=== DATA EXTRACTS ===
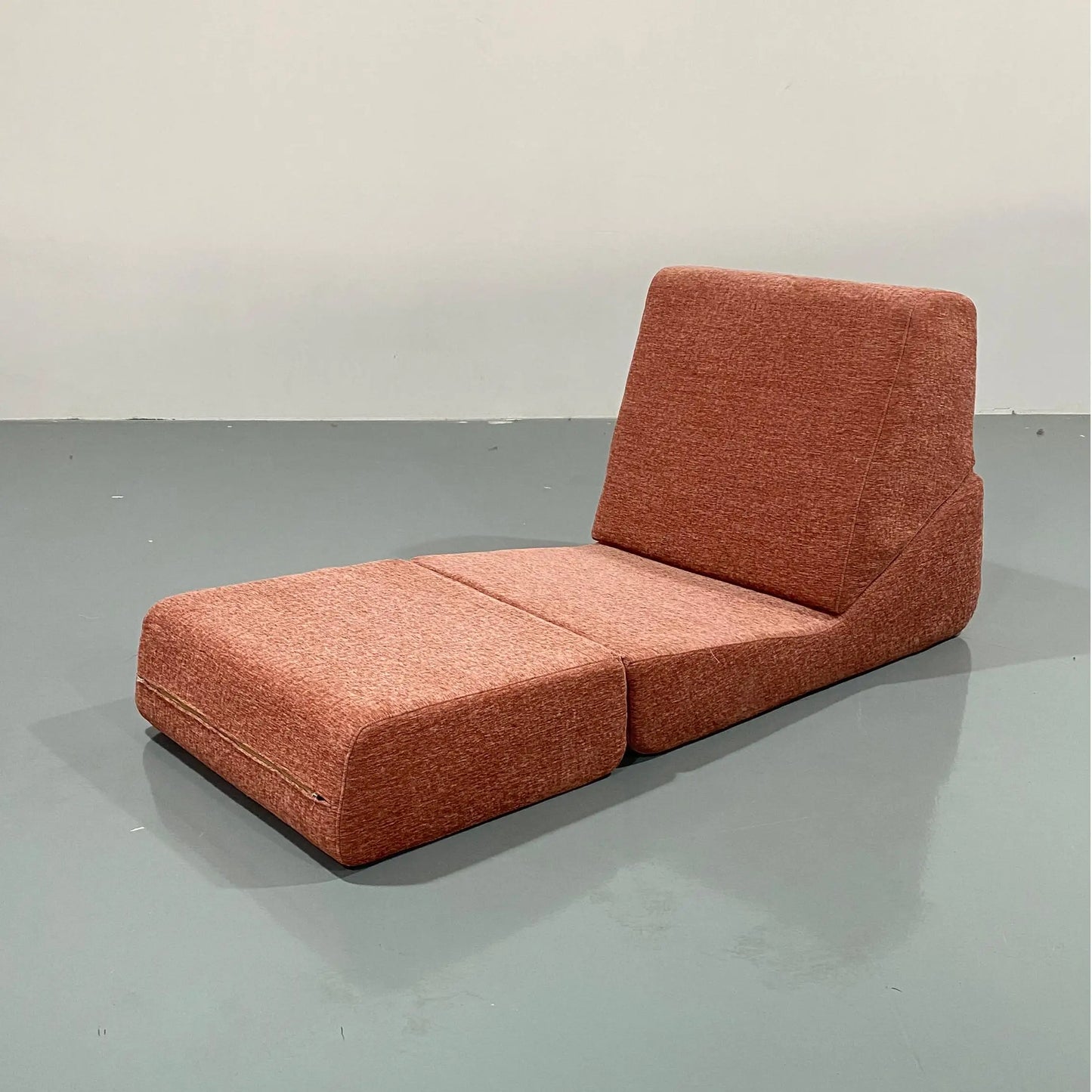 Factory direct sales, popular modern compression foldable sofa bed combination folding fabric sofa cover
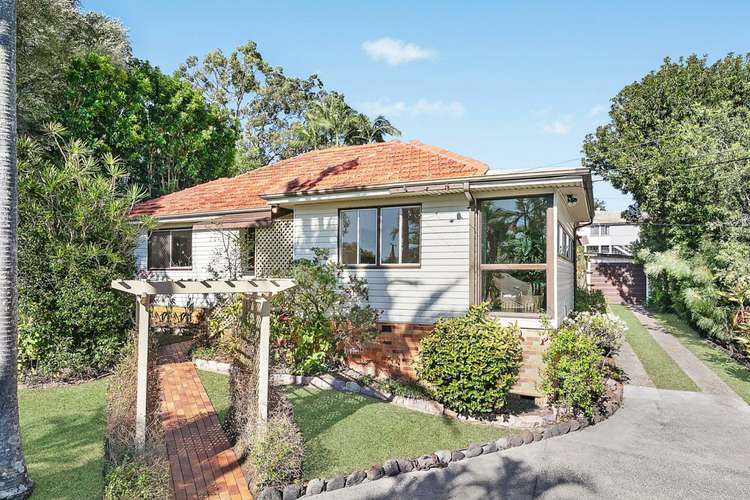 Second view of Homely house listing, 246 Toohey Road, Tarragindi QLD 4121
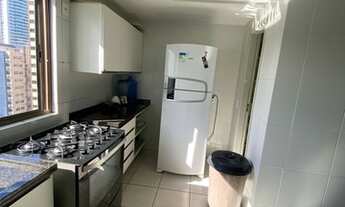 Imagem 7: Vendo 4qtos bem localizado Padrão Moura Dubeux!!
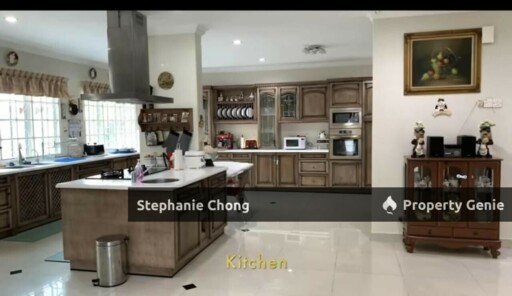 🏡 Spacious & Secure Bungalow in SS1, PJ – Just 3 Mins to LRT!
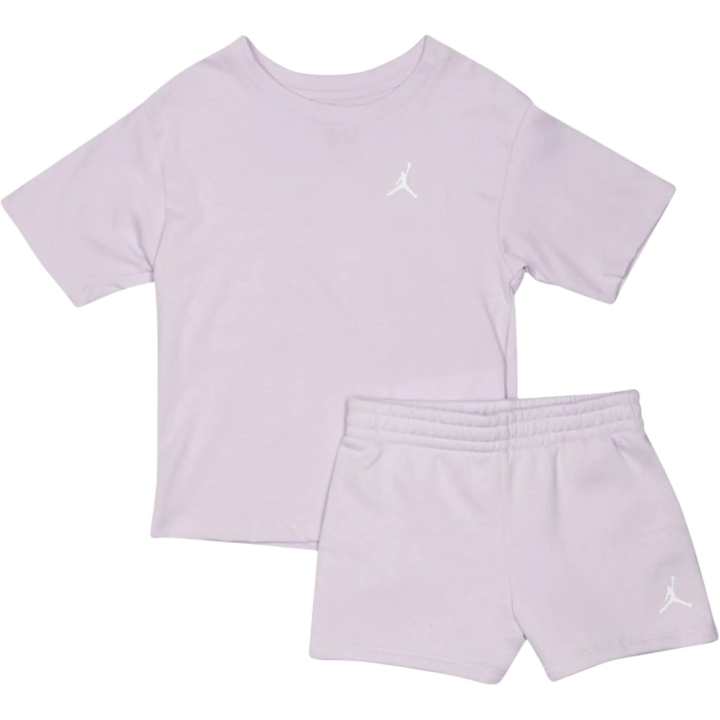 Jordan Jordan Kids Casual Sportswear Crew Neck Moderate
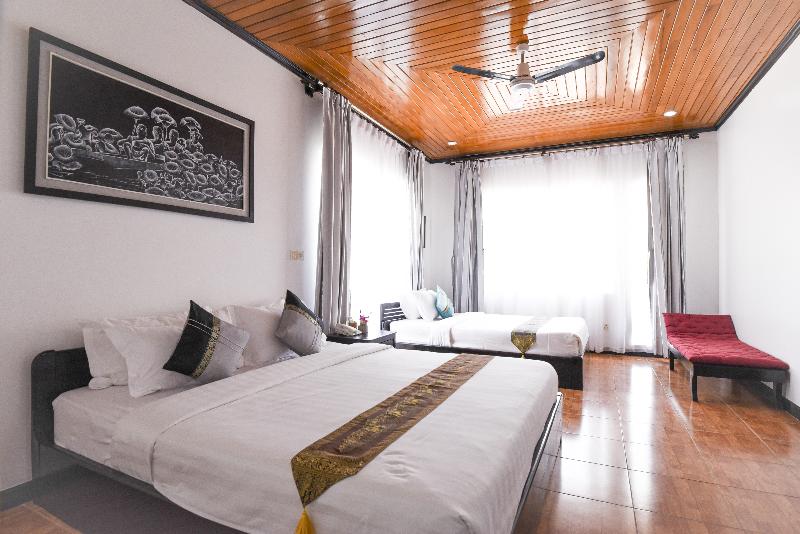اتاق استاندارد, Pestana Plaza Mayor Madrid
===
#### ACTIVITY:
Starting with the line that holds "Second view of", print each line through the last one of the data exactly as written, but do not include the pictures.

#### RESULT FOR THIS EXERCISE:
 Second view of Homely house listing, 246 Toohey Road, Tarragindi QLD 4121
 Imagem 7: Vendo 4qtos bem localizado Padrão Moura Dubeux!!
 🏡 Spacious & Secure Bungalow in SS1, PJ – Just 3 Mins to LRT!
 Jordan Jordan Kids Casual Sportswear Crew Neck Moderate
اتاق استاندارد, Pestana Plaza Mayor Madrid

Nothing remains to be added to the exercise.